- **Work request**
Print each line below verbatim, skipping every picture.

- **Information provided**
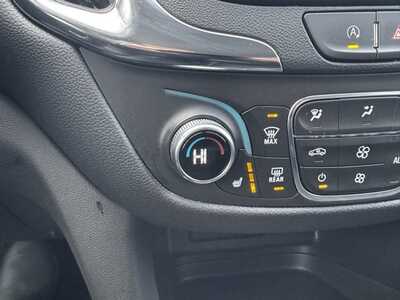 2024 Chevrolet Equinox, $22495. Photo 11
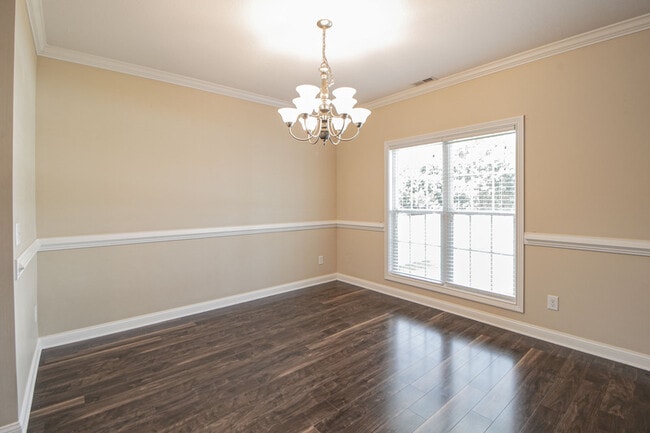 Photo - 809 Carousel Ct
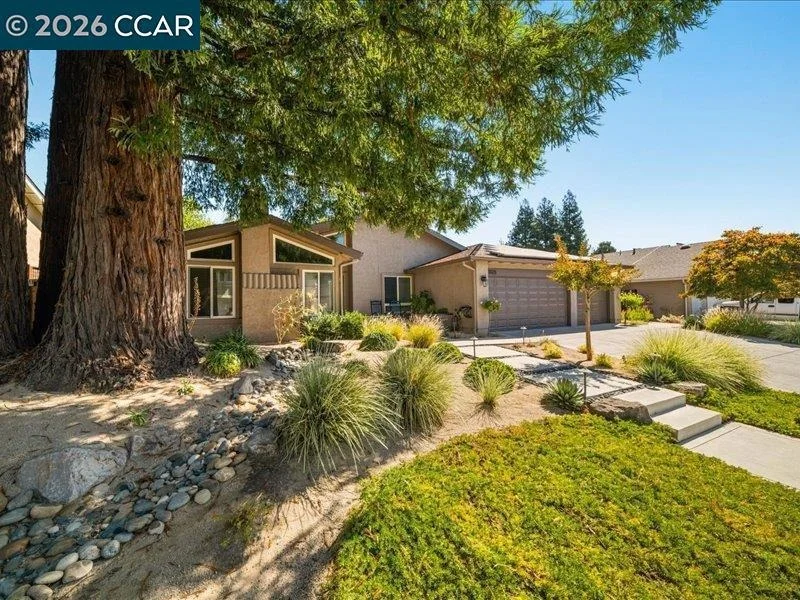 Photo of 12252 Toluca Dr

- **Your response**
 2024 Chevrolet Equinox, $22495. Photo 11
 Photo - 809 Carousel Ct
 Photo of 12252 Toluca Dr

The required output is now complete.